START Data listing

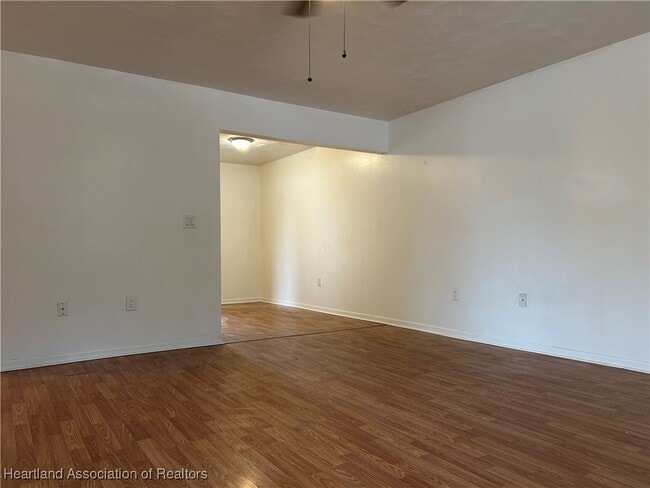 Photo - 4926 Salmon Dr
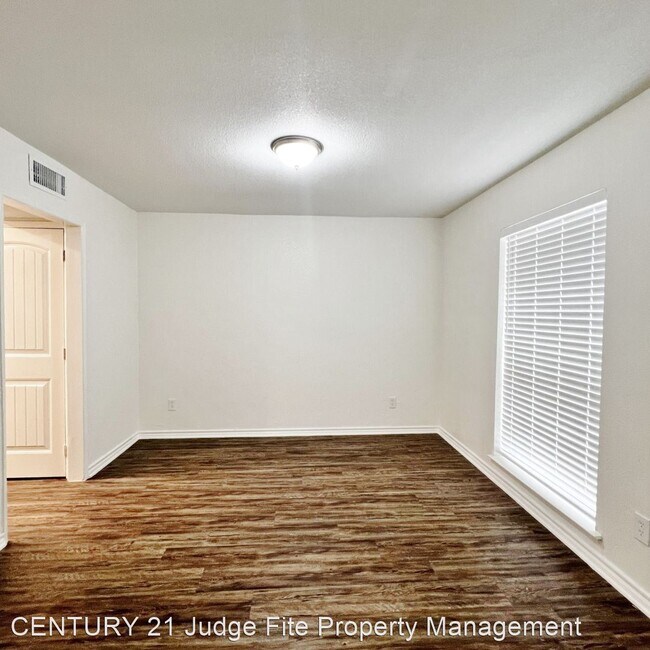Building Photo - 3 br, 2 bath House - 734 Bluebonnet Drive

END Data listing
START Data listing

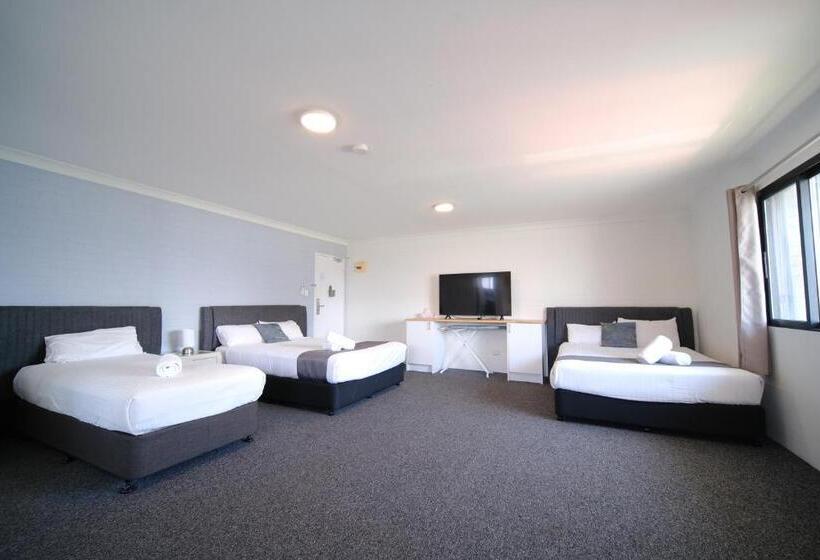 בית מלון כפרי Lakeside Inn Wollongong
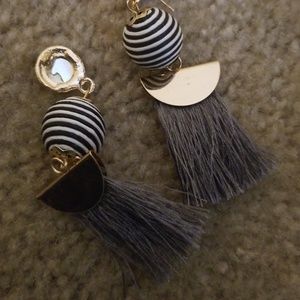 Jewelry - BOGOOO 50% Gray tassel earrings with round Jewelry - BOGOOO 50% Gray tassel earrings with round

END Data listing
START Data listing

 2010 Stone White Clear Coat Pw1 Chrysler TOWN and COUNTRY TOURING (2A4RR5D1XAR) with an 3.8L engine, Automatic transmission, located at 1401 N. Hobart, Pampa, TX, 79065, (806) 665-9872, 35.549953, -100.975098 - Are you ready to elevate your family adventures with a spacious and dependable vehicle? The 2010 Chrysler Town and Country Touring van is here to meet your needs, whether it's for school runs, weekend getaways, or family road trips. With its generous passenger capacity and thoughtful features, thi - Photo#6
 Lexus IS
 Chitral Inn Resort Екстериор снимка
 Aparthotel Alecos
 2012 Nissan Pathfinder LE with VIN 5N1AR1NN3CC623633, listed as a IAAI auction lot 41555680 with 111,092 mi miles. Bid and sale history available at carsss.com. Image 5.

END Data listing

Activity
Set down again, exactly, every line above from the one with "Photo - 4926 Salmon Dr" down to the one with "Building Photo - 3", both ends included. No pictures, and nothing else.

Answer to this problem
 Photo - 4926 Salmon Dr
Building Photo - 3 br, 2 bath House - 734 Bluebonnet Drive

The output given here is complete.